Light Vs Heavy Guitar Strings (here’s how to choose)
In a nutshell, light gauge strings are quieter, looser, less robust and have a more treble tone, whereas heavy gauge strings are louder, more attuned to bass tones, far more robust and less likely to go out of tune. However, there’s far more to it than that, so keep reading for the full story.
Deciding which strings to use is probably one of the most talked about subjects whenever guitarists get together. The quest for the perfect tone is the reason for this constant fixation with guitar strings and to be honest, it’s understandable. So let’s get into light vs heavy guitar strings.
What Is String Gauge?
As guitar strings are so thin in diameter, the string manufacturers need to have a point of reference for us not so technical guitarists to have some understanding of the comparable size of those strings. Guitar strings are measured in 1/1000th of an inch – a 9 gauge string is 0.09 inches in diameter.
When you buy a set of guitar strings they are commonly referred to by the thinnest strings’ size so a set of 10s for example start with a top E string with a 0.010 diameter. A set of 11s start with a top E string with a 0.011 diameter, and so on. Although the top E string will have a constant size, depending on the brand, the rest of the set might show some inconsistencies.
This is usually most apparent with the G string; one company’s set of 10s might have a G string of 0.018 whereas another brand’s G string might only be a 0.016. That 0.02 might not sound or look like much, but it can make the world of difference to playability and sound quality. That’s why many guitarists make their own custom set of strings so they always have a consistent sound and size of string.

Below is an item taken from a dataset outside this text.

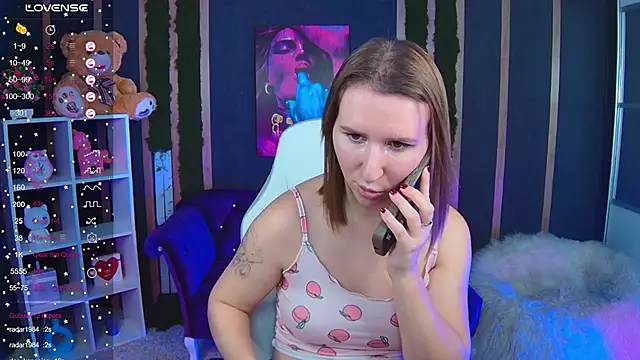 AliceBYKiss live sex cam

Why Does The Gauge Of The Strings Matter?
The gauge of the strings plays quite an important part in the sound and playability of your guitar. This affects both the strumming and fretting of the strings along with tonal qualities and playability.
Thinner strings are easier to play as they require less force to press down or bend but they’re more liable to break than thicker strings. Plus they sound thin, reedy and lack some of the richer tonal qualities found in thicker strings.
Thicker or heavier gauge strings are more suited for rock or metal music because they have a more bass-like tone and work well in drop tunings. This is because when you drop the tuning you loosen the strings and thicker strings are under greater tension which allows them to be drop tuned and still hold onto a level of tautness that allows them to be played.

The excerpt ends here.